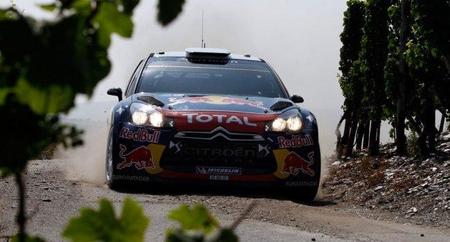 Rally de Alemania 2011: resultado “raro” en el shakedown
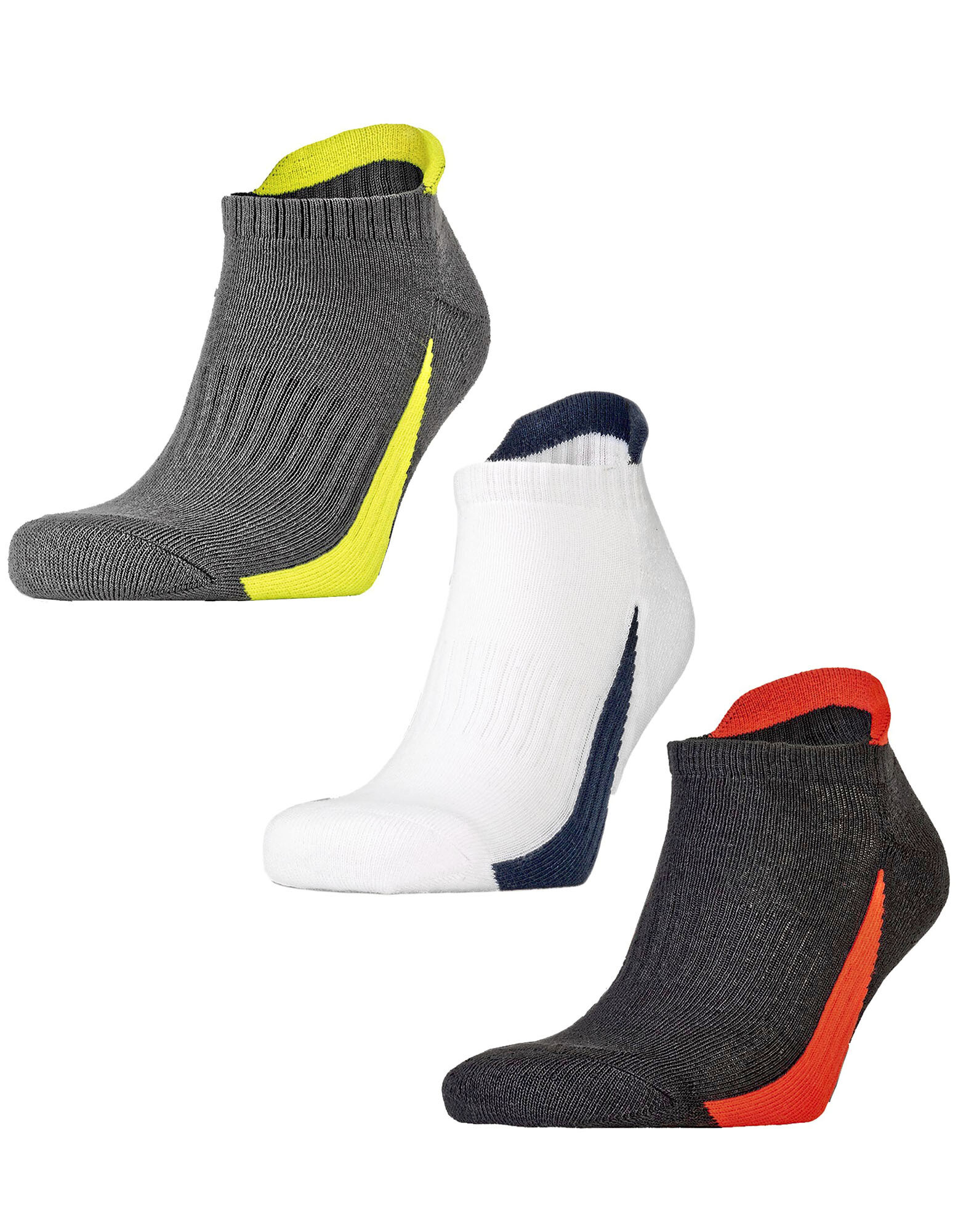 Sneaker Sports Socks (3 Pair Pack)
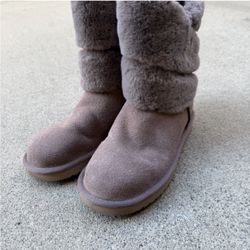 Koolaburra Faux-fur Lined Winter Boots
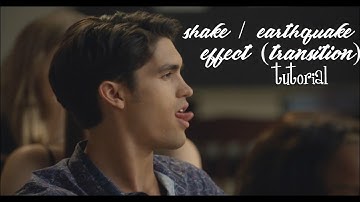 SONY VEGAS PRO TUTORIAL | SHAKE TRANSITION / EFFECT #4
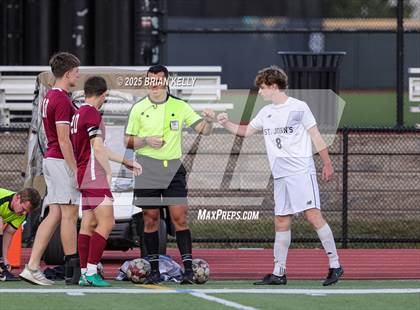 Thumbnail 2 in St. John's Prep @ Boston College High photogallery.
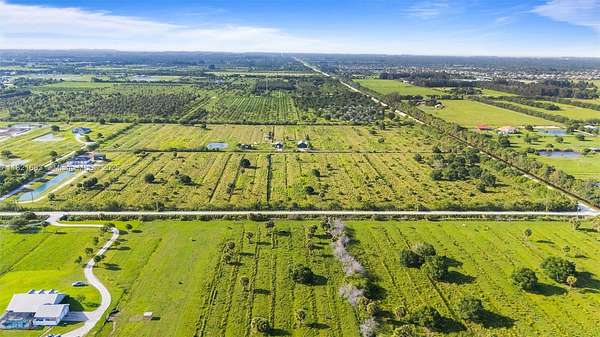 18.6 Acres of Land for Sale in Vero Beach, Florida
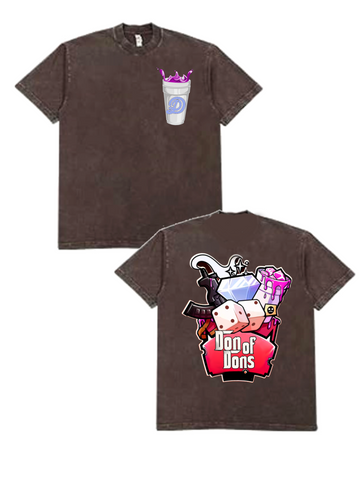 Juice Junkies Tee Cocoa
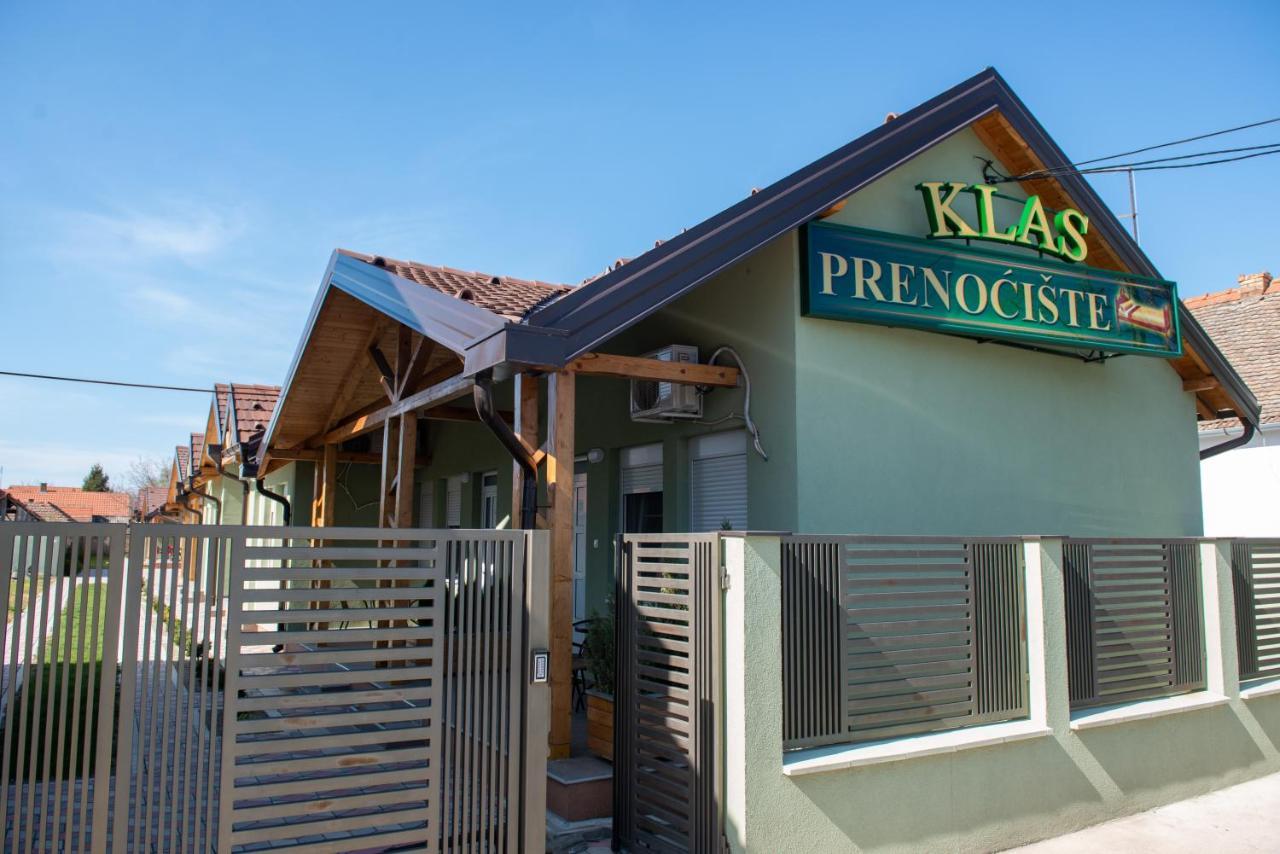 Zlatni Klas Zrenjanin Eksteriør billede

********************

Aim of the task:
With the pictures excluded, retype exactly the lines from the one containing "SONY VEGAS PRO" through the last line of the listing, both ends included.

Solved problem:
 SONY VEGAS PRO TUTORIAL | SHAKE TRANSITION / EFFECT #4
 Thumbnail 2 in St. John's Prep @ Boston College High photogallery.
 18.6 Acres of Land for Sale in Vero Beach, Florida
 Juice Junkies Tee Cocoa
 Zlatni Klas Zrenjanin Eksteriør billede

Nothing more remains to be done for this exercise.